Malaysia is building a future-ready maritime economy centered on resilient ports, diversified energy sources, digital infrastructure, secure shipping corridors, and regional cooperation, leveraging the strategic location of the Strait of Malacca, Transport Minister Anthony Loke said at the Global Maritime Economics Conference on June 23, 2026 [1]. He emphasized that about one-quarter of global trade goods and a large share of Asia’s energy imports transit the corridor each year, placing Malaysia at a key strategic position.
The government is securing long-term energy supply agreements lasting at least 20 years for oil, gas, and diesel to ensure stability in the logistics and transport sectors, Loke said [2, 3]. Prime Minister Anwar Ibrahim confirmed that Russia has pledged a long-term supply deal aligned with Malaysia’s neutral foreign policy, which seeks diplomatic engagement with major powers including Russia, the US, and China to maintain continuous energy access [2, 3].

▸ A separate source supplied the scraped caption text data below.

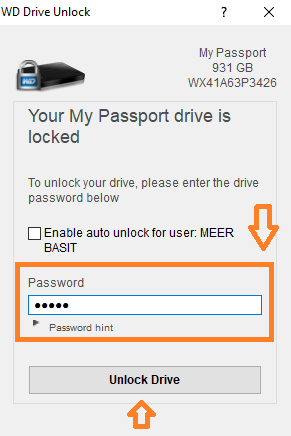 exit my passport hard drive for mac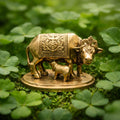 Panchaloha Kamadhenu Divine Idol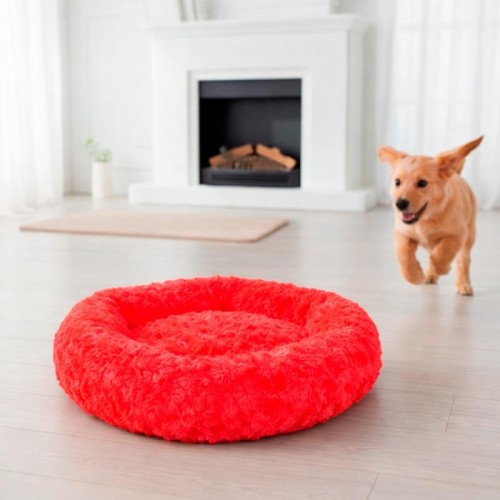 М'яка лежанка для собак та кішок 35×30 см, Pet Choice, Червоний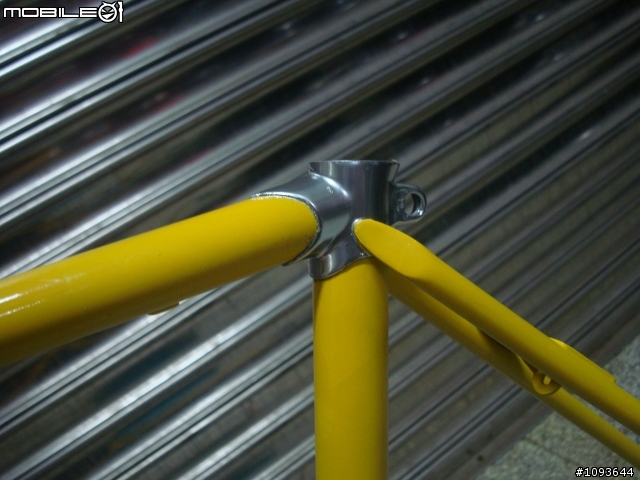 老鋼管翻新[我的假貨colnago，快樂騎乘中]    出沒地:往永安漁港沿途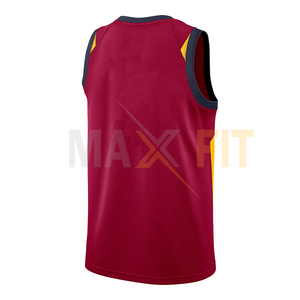 MAXFIT ENTERPRISES Uniformes de Baloncesto Jersey Ropa Deportiva de Verano para Niños Tallas Grandes Transpirable con Logotipo Personalizable - Product Image 2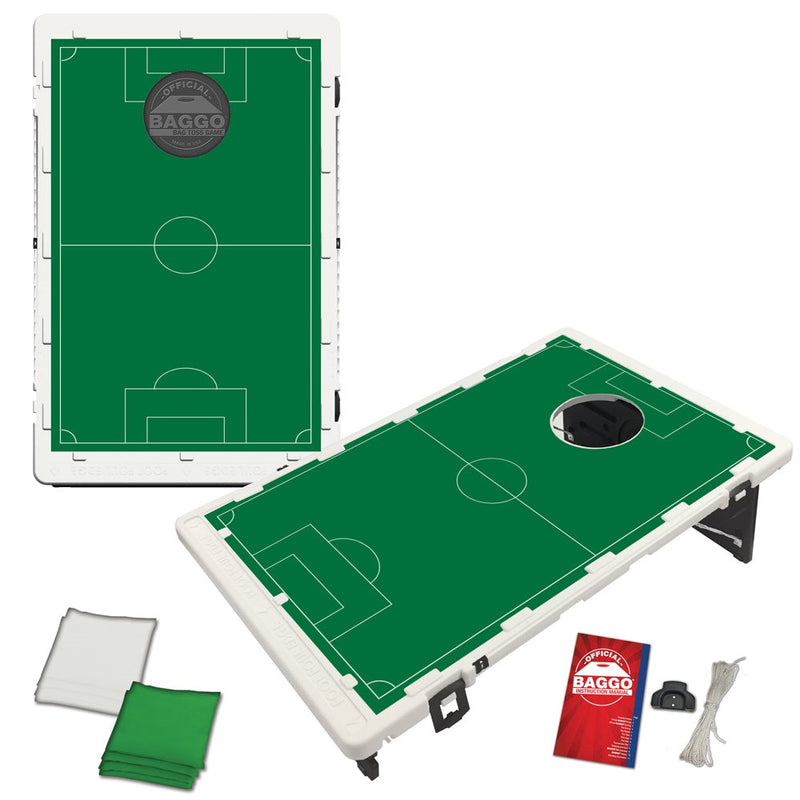 Soccer Field Bean Bag Toss Game by BAGGO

Following the UAE’s withdrawal from OPEC on May 1, 2026, Malaysia aims to enhance cooperation with the UAE in petroleum, petrochemicals, logistics, and energy transition sectors. In 2025, crude petroleum imports from the UAE were valued at RM11.15 billion, making up 43% of total imports from the country, while downstream petroleum products accounted for RM4.23 billion or 10.4% [4, 5]. Malaysia’s crude petroleum exports to the UAE stood at RM729.82 million, with downstream products at RM88.35 million in 2025 [4, 5].

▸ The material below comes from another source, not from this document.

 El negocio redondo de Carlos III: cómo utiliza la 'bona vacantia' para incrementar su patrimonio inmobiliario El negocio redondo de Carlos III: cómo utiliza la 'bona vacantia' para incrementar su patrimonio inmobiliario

Investment, Trade and Industry Minister Datuk Seri Johari Abdul Ghani stressed that fundamentals like policy clarity and ecosystem stability drive foreign investment decisions rather than political speculations or the upcoming general election [6]. Malaysia approved investments reached RM1.7 trillion for 2021–2025, with foreign investment accounting for RM940.25 billion (54.6%) and creating an expected 825,502 jobs across 30,301 projects [6].
Deputy Prime Minister Datuk Seri Fadillah Yusof welcomed growing German SME investments in green technology, renewable energy, and water management that align with Malaysia’s sustainability goals [7]. Malaysia’s data centres used about 54% of their approved electricity capacity (1,102 MW of 2,050 MW) and around 51% of water capacity (28.68 million litres per day of 55.83) as of mid-2026 [8].
Loke also announced expected guidelines on Malaysia’s emerging low-altitude economy, covering drones and advanced air mobility, to be introduced by year-end 2026 to regulate safety and support sector growth [9].
Earlier concerns about higher US tariffs up to 145% on Malaysia’s exports proved unfounded after a trade deal was signed. Johari warned that without it, Malaysian products would lose competitiveness due to additional US tariffs [10]. Malaysia exported RM233 billion worth annually to the US [10].
Sabah and Sarawak require upgraded port infrastructure to fully tap export potential and attract larger shipping volumes, especially for palm oil, which Malaysia produces at 20 million metric tonnes annually and yields RM150 billion from downstream exports [11].
Universiti Sains Malaysia climbed to fifth globally in the Times Higher Education 2026 Sustainability Impact Rankings, retaining the top global rank for SDG 17 partnerships, reflecting a strong sustainability ecosystem according to its vice-chancellor, Professor Datuk Seri Dr Abdul Rahman Mohamed [12].
Malaysia’s next steps include finalizing and issuing the low-altitude economy guidelines by the end of 2026, supporting further growth in advanced mobility sectors [9].